The autonomous decentralized peer-to-peer telemetry (ADEPT) [
37] IoT system was jointly created by IBM and Samsung and uses blockchain technology to create a decentralized IoT. The full name of ADEPT is “autonomous decentralized peer-to-peer telemetry”, which aims to provide optimal security for transactions. The system is based on three protocols: Blockchain, BitTorrent, and TeleHash. ADEPT employs Ethereum [
17] which is a smart contract-based system, and ADEPT can enable devices connected to it to communicate securely and efficiently with each other and implement complex business logic. ADEPT is a user-centric complete IoT platform, similar to IOTA Tangle. However, IOTA does not use a blockchain. Instead, it uses a distributed database model called Tangle (DAG), which is technically superior compared to a blockchain in terms of scalability and the feasibility of micro-payments.

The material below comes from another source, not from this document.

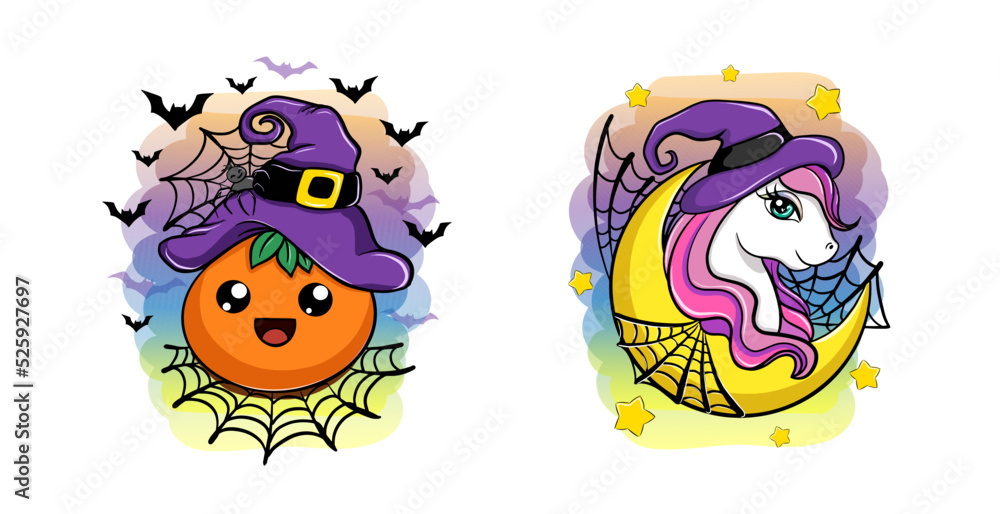 Cute vector cartoon unicorn witch and funny pumpkin, kawaii halloween characters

Unlike the use of Ethereum, Innogy [
38] combines IPFS, IPDB, and IOTA in supply chain/IoT applications. IPFS is used for file systems and Blob storage. IPDB (using BigchainDB) is used for metadata storage and query queues. Innogy utilizes physical objects through the supply chain and provides the “trust-to-data”. These datasets are tracked automatically and verified through IOTA disputes in the supply chain. Innogy aims to create digital twin [
39]. A digital twin is a digital representation of a physical, biological or digital object. The Innogy Digital Twin project Twin of Things seeks to give every physical object a story. Moreover, the first practical application of a digital twin with IOTA is CarPass for vehicles telematics data. The CarPass solution securely captures telematics data and stores them immutable in the digital twin for private passenger, fleet or commercial vehicles.
IOTA has proved scalable due to the particular DAG structure of transactions. While running smart contracts on IOTA is a challenge, the combination of Hyperledger Fabric and IOTA Tangle can well address this problem. We integrate Tangle into the blockchains, and our cross-chain interactive decentralized IoT access model considers better data access privacy. We use a consortium blockchain running in a control station, while Tangle as the backbone of the IoT system runs on all the devices, this architecture takes full advantage of the features of blockchain and Tangle. Different from existing work, our solution uses the BFT consensus algorithm. The throughput of our proposal is acceptable considering the overhead of cross-chain interaction. Besides, due to the scalability and the nature of parallel verification of Tangle, as the number of participant nodes increases, Tangle can lead to higher throughput and better system performance.